- Arms of Beauchamp of Bletsoe: Gules, a fess between six martlets or
- Born: c. 1315
- Died: 3 January 1380
- Spouses: Sibyl de Patteshull Margaret de Carew
- Issue: Sir Roger Beauchamp Philip de Beauchamp Margaret de Beauchamp
- Father: Roger de Beauchamp

= Roger Beauchamp, 1st Baron Beauchamp of Bletso =

English aristocrat

Roger Beauchamp, 1st Baron Beauchamp of Bletsoe (c. 1315 – 3 January 1380) was an English soldier and peer who served both King Edward III and his wife, Philippa of Hainault.

==Family==
Roger de Beauchamp, perhaps born about 1315, was the son and heir of Roger de Beauchamp, a younger son of Walter de Beauchamp (Steward to Edward I) and Alice de Tosny, daughter of Roger de Tosny of Flamstead, Hertfordshire.

==Career==
Beauchamp was a yeoman to Edward III by 24 April 1337, and is described as a bachelor to Philippa of Hainault on 26 October 1340, when she granted him the keepership of Devizes Castle. He served in the wars in France from as early as 1346, and in 1372 was appointed Captain of Calais. He was summoned to Parliament from 1 June 1363 to 20 October 1379 by writs directed Rogero de Bello Campo, whereby he 'may be held to have become Lord Beauchamp'. He was appointed Lord Chamberlain of the Household to Edward III in 1376–77.

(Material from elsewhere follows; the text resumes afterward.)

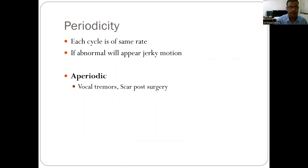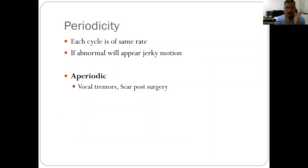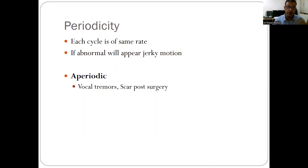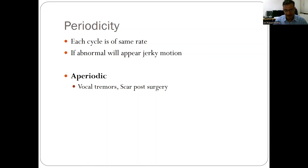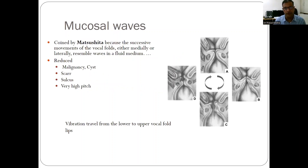Periodicity is difficult to determine on a normal stroboscopy because each vibratory cycle of right and left sides should be at the same pace. If the cycle is irregular, we may see jerky movements of the vocal cord. Periodicity abnormalities are seen in vocal cord tremors or scarring following surgery. To comment precisely on periodicity, a high-speed camera is required, which gives a better assessment than stroboscopy alone.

He died 3 January 1380. In his will, dated 19 December 1379 and proved 26 February 1380, he requested burial at the Blackfriars, London, beside his first wife.

==Marriages and issue==
Beauchamp married firstly, before 15 March 1337, Sibyl de Patteshull (d. before 1375), heiress of Bletsoe, one of the four daughters and co-heiresses of Sir John de Pateshull (c.1291–1349) of Bletsoe, by his wife Mabel de Grandison, a daughter of William de Grandison, 1st Baron Grandison, by whom he had two sons and a daughter:

- Sir Roger Beauchamp (d. before 15 May 1374), who married Joan de Clopton, widow of Sir Walter de Walcote, and daughter of William de Clopton. Sir Roger had a son—perhaps by an unknown first wife—Roger Beauchamp, 2nd Baron Beauchamp of Bletsoe (1362–1406), the grandfather of Margaret Beauchamp of Bletso, grandmother of Henry VII. He also had a daughter, Margaret Beauchamp, who married Robert Mauteby, esquire.
- Philip de Beauchamp (born c. 1338), Archdeacon of Exeter. He was a godson of Philippa of Hainault.
- Margaret de Beauchamp, who married, firstly, Sir John de Blanchminster of Wighill, Yorkshire, and, secondly, Sir Gilbert Talbot of Wadley, Berkshire.

He married secondly Margaret de Carew (died c. 2 October 1394), sister of William de Carew, and widow of Thomas de Grandison, 4th Baron Grandison (d. 1375), by whom he had no issue.